March 15 was the deadline for candidates to file papers to appear on the June 14 Democratic and Republic primary ballots, and the local candidates are all familiar names who have been involved in the community in various ways.
In State Senate District 33, former Sanford School Committee member Kendra Williams will be on the ballot for the Democrats, while Matthew Harrington, who currently serves as State Representative for District 19, will run unopposed on the Republican side.
Among Sanford and Springvale’s three State Representative seats, there is only one primary challenge. Jack McAdam, who currently serves on the Planning Board, will face off against longtime resident Patty Kidder in the District 141 Democratic primary. In the November general election, the winner will face former City Councilor Lucas Lanigan, who is running unopposed on the Republican ticket. District 141 includes most of Springvale and part of Sanford, as well as the towns of Shapleigh and Newfield.

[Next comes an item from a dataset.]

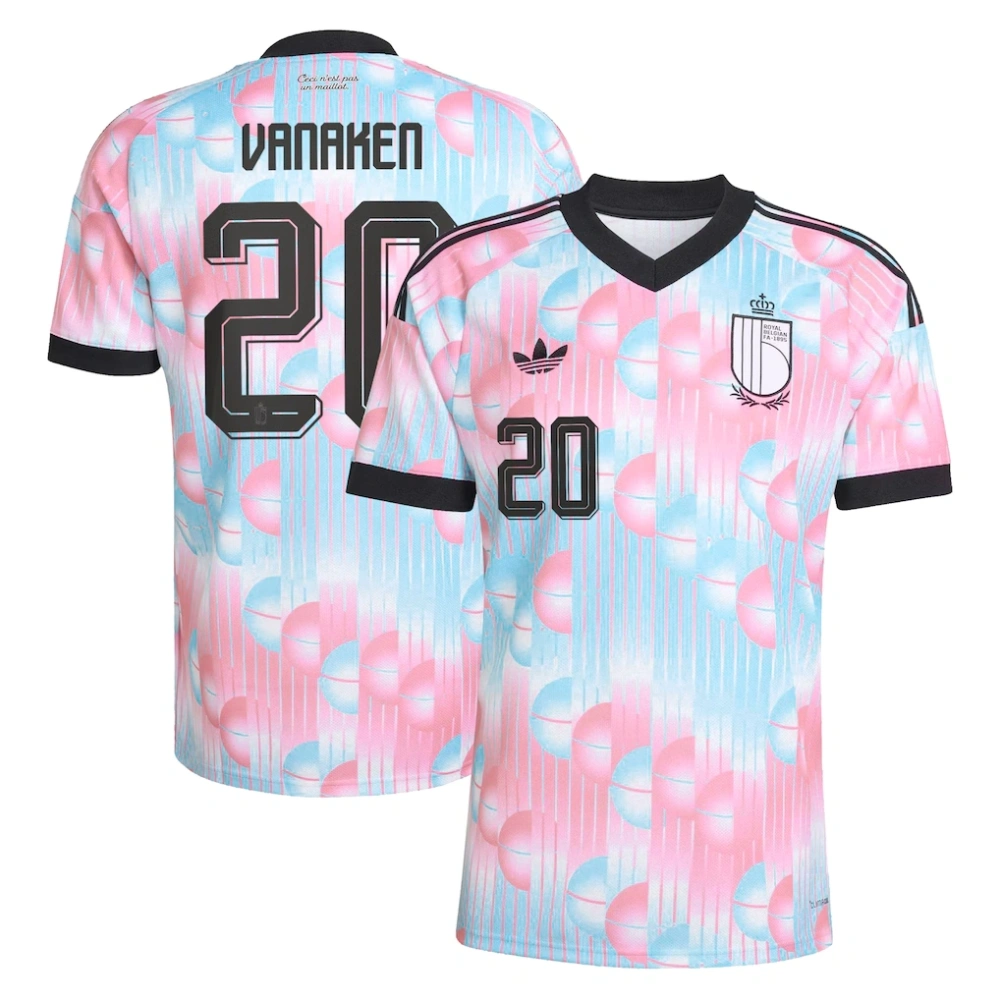 Belgium adidas Away Shirt 2026 with Vanaken 20 printing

In the District 142 primary, Pamela Buck, who ran for State Rep. in 2018 and 2020, is the sole Republican on the ballot, while former City Councilor Joe Hanslip is running unopposed on the Democratic side. District 142 represents much of the east side and part of Springvale, and includes most of District 18, which was represented in the current Legislature by the late John Tuttle.

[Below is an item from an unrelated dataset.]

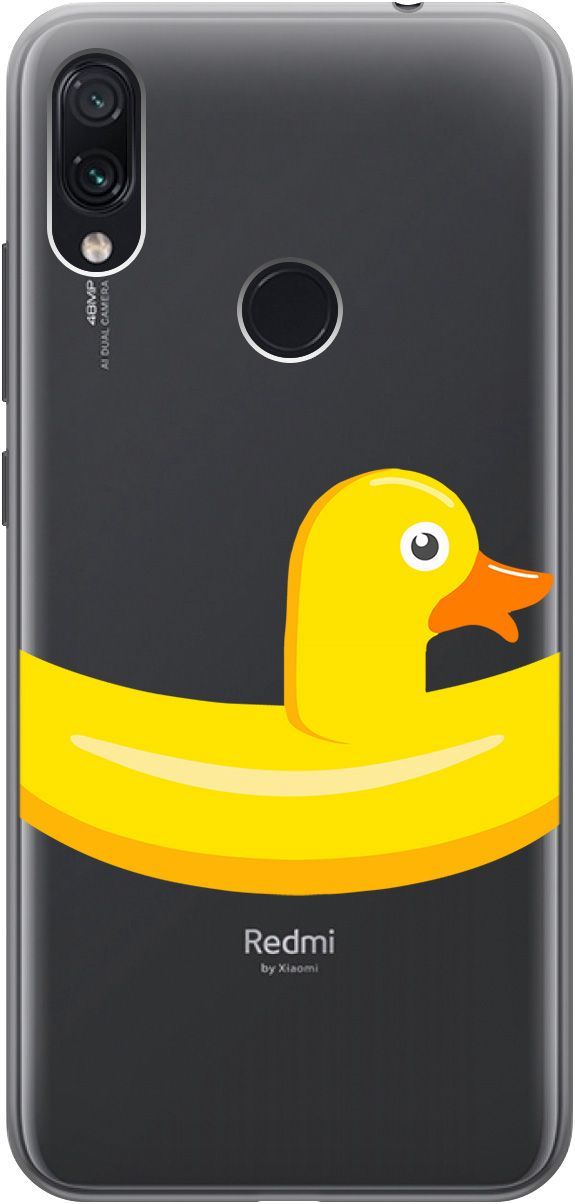 

Чехол на Xiaomi Redmi Note 7 "Duck Swim Ring" прозрачный, Прозрачный;белый, 5576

For District 143, which includes south Sanford and part of the downtown area, the candidates are Sanford native Matthew Toth on the Republican ballot, and Budget Committee Chair Wesley Davie on the Democratic ticket.
If these State Rep. district numbers don’t sound familiar to you, it’s because the districts for the entire state have been redrawn and renumbered. This process, known as apportionment, occurs every ten years following the federal census, and ensures that each State Representative and State Senator represents an equal number of constituents. We will have more info about this in an upcoming feature so you will know which candidates will be on your ballot before you vote in June. There will be more information about the candidates as well.

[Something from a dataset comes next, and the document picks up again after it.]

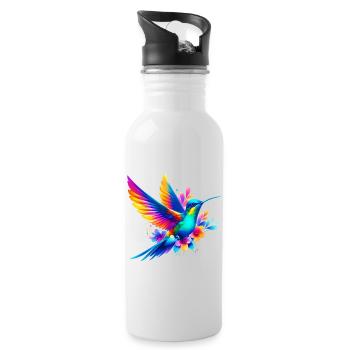Colibri - Gourde avec paille intégrée - blanc - Droite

Maine has a third political party, the Green Independent Party, but no GIP candidates have filed for a primary in our area. The Green Independents should not be confused with unenrolled voters (those who don’t affiliate with any party), who are often referred to as independent.
The Democratic and Republican primary winners will face off in November and may be joined by non-party/unenrolled candidates, who have until until June 1 to complete the filing process with the state, and by write-in candidates, who have until September 9 to file an official declaration of write-in candidacy.